Déclaration Mgr Pierre D’Ornellas, archevêque de Rennes et Président du groupe de travail de la Conférence des Évêques de France sur la fin de vie.
C’est l’honneur d’une société de chercher sans cesse le meilleur accompagnement de nos concitoyens vulnérables qui s’approchent de leur décès et qui ont « droit à une fin de vie digne et apaisée ».
Le Rapport des députés Jean Leonetti et Alain Claeys, avec sa proposition de loi, s’inscrit dans cette recherche. Comme les Rapports précédents, il demande avec insistance un développement accru des soins palliatifs et de la formation à ces soins. Il n’entre pas dans l’euthanasie ou le suicide assisté qui, il est vrai, sont contraires à l’éthique médicale et au principe républicain de fraternité.
L’Église catholique publiera une étude détaillée sur la fin de vie début janvier 2015. Elle a ouvert le dialogue sur ce sujet grâce au blog findevie.catholique.fr.
En attendant notre prochaine publication, j’attire l’attention sur cinq points :
1. En supprimant la référence à l’effet secondaire, la proposition de loi introduit une incertitude sur l’objectif poursuivi par le médecin lorsque, à la demande du patient, il met en place « un traitement à visée antalgique et sédative jusqu’au décès ». Avec le principe du « double effet », l’objectif visé demeure l’apaisement des souffrances, ce qui peut avoir pour effet non voulu la survenue parfois plus rapide du décès provoqué par la maladie.
2. Le Rapport évoque un « nouveau droit » du patient : la sédation profonde et continue, lorsque le patient demande l’arrêt d’un traitement, arrêt qui engage son pronostic vital. Ce nouveau droit est « créé » « en réponse au mal-mourir en France ». Il s’inscrit dans la volonté louable d’écouter le patient. Mais ce nouveau droit ne supprime pas les causes de ce « mal-mourir ». Ce n’est pas ce droit qui engendre une juste attitude vis-à-vis de la mort.
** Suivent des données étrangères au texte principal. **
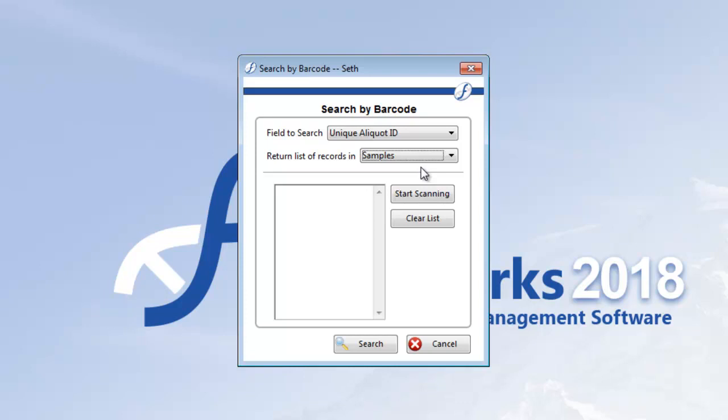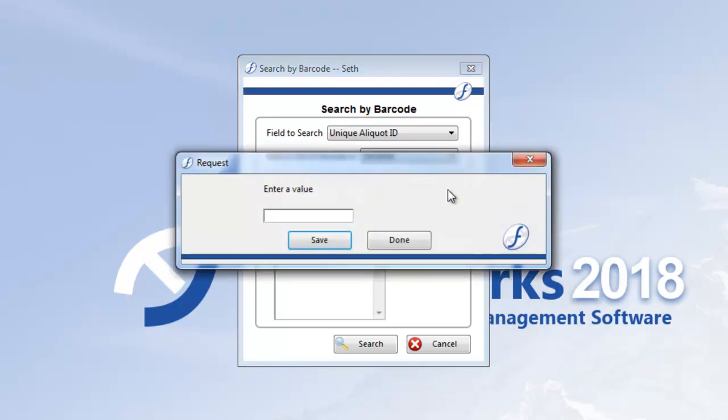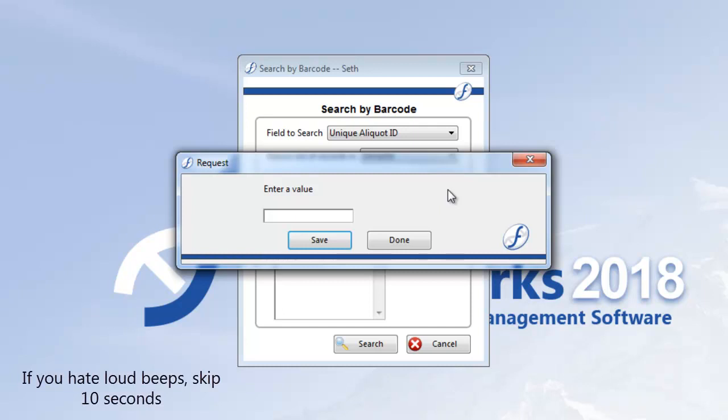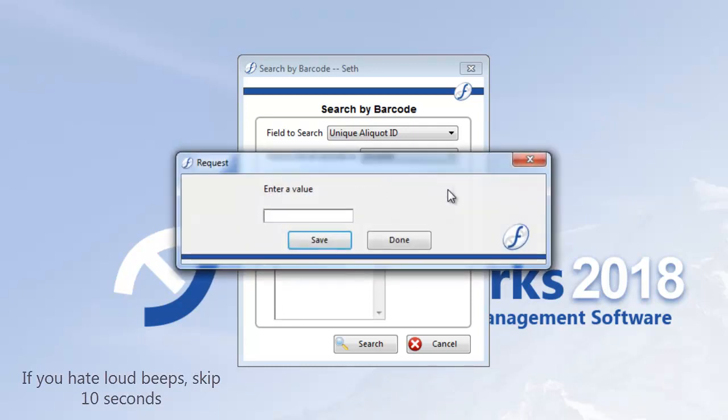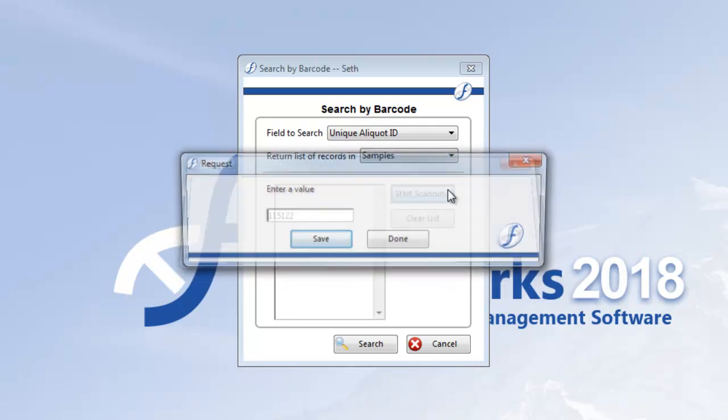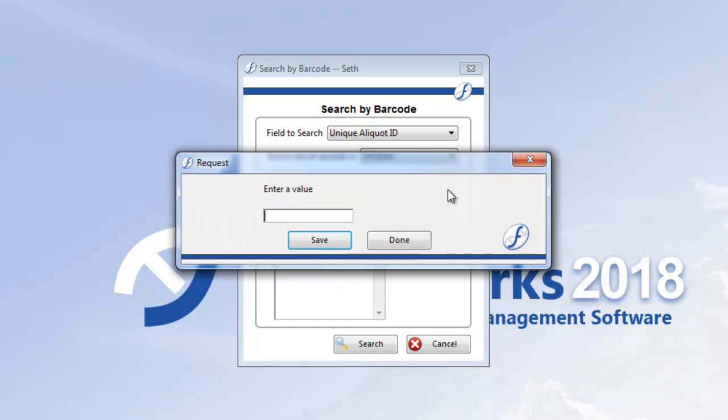For now, I'll leave it on samples and click start scanning. An enter value box will appear. This is where you'll pick up your scanner and quickly start entering each vials ID for searching. Your scanner should automatically hit the enter key so you don't have to stop scanning until the job is done.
Il risque de multiplier les demandes d’une sédation profonde jusqu’au décès.
3. C’est la réforme du système de santé avec le développement de la culture palliative qui pourra lutter au mieux contre le « mal mourir ». Son inadaptation actuelle est, selon le CCNE, un « scandale ». MM. Claeys et Leonetti affirment qu’il faut financer les actes d’accompagnement, plutôt que de rester à la tarification à l’activité, car ils veulent « mettre en œuvre l’accompagnement bienveillant que nous devons à chaque malade ». Voilà notre devoir de fraternité ! Il est urgent de l’accomplir. C’est dans la fraternité que peut se vivre la juste autonomie de la personne vulnérable. Le soin global de la personne contribue au bien-mourir, comme le montrent chaque jour tant d’unités de soins palliatifs.
4. Le respect des personnes vulnérables demande que celles-ci soient entendues en vérité. C’est pourquoi les Directives Anticipées, pour être crédibles, devraient être librement rédigées à l’intérieur de la relation de confiance qui est au cœur du pacte de soin et qui permet aux personnes d’être éclairées. Il est juste que ces Directives puissent être, pour des raisons précises, jugées non appropriées au cours d’une délibération collégiale du corps médical. Ce dernier saura d’autant mieux les apprécier qu’il est formé au soin palliatif. Accroitre cette formation est indispensable.
5. Aucune loi ne supprimera le fait que la mort est difficile parce qu’elle est toujours une épreuve. Certes, la fraternité nous oblige à apaiser toute souffrance. Cependant, n’entrons pas dans le mythe de la mort toujours apaisée ou de « la mort propre ». La vulnérabilité est notre lot commun. Elle appelle un surcroît de fraternité qui nous oblige à considérer qu’il n’y a jamais de vie inutile. « Tu as du prix à mes yeux », dit la Bible juive et chrétienne.